In Sudtirolo sono state avviate da tempo alcune sperimentazioni che cercano di legare l’apprendimento della seconda lingua ad attività focalizzate anche su altri obiettivi. Si tratta del cosiddetto insegnamento «veicolare», reso possibile da una delibera della giunta provinciale del 2006 e purtroppo sfruttato solo da alcune scuole in lingua italiana. I primi risultati delle valutazioni sui progetti avviati sono molto incoraggianti (domenica scorsa il Corriere dell’Alto Adige ha segnalato l’esempio della scuola elementare Longon).

Sono due le coordinate delle quali occorre tener conto per circoscrivere l’efficacia di una sperimentazione. La prima riguarda il pieno controllo delle condizioni entro le quali deve avvenire, la seconda l’estendibilità dei risultati a tutti i casi che presentano caratteristiche simili.

In alcuni contesti, quelli cioè per i quali il numero delle variabili può essere ridotto significativamente (penso ad alcuni ambiti delle scienze naturali), il passaggio dalla prima coordinata alla seconda non è causa di grandi problemi, almeno a livello teorico. In contesti nei quali invece il concorso delle variabili individuali e situazionali non è per definizione riducibile, si tratta sempre di assumersi un rischio che, per quanto ponderato possa essere, non riuscirà mai a eliminare una componente d’azzardo.

Quando parliamo di lingue e di metodi per apprenderle ci muoviamo con tutta evidenza in un campo nel quale la complessità delle condizioni di partenza è talmente elevata da risultare per l’appunto irriducibile. Ogni volta si tratterà di soluzioni parziali, più congeniali ad alcuni che ad altri, comunque mai garantite al 100%. Ciò non rappresenta però un argomento di principio contro la sperimentazione. Al contrario, qui bisogna riconoscere che ci troviamo all’interno di un processo che richiede attenzione costante e soprattutto la capacità di correggere in corsa quegli aspetti che si dimostreranno più d’impedimento che di sviluppo.
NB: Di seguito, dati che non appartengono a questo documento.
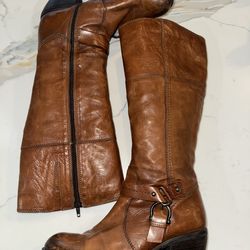 Clark’s  women’s boots size 9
Se, come detto, i primi risultati delle sperimentazioni fatte sono incoraggianti, si deve però ammettere che ancora manca una spinta decisa a interpretare tali «best practices» come la prima pietra di un migliore e più dinamico edificio didattico. La questione diventa allora come incrementare la sperimentazione, al fine di saggiarne con maggiore cognizione di causa non soltanto gli evidenti meriti, ma anche gli eventuali limiti. In particolare, c’è un duplice errore da evitare: quello di considerare ogni innovazione una ricetta magica in grado di risolvere tutti i nostri problemi, oppure, al contrario, di ritenerla un attentato al tradizionale modello glottodidattico e con ciò ai fondamenti della nostra autonomia.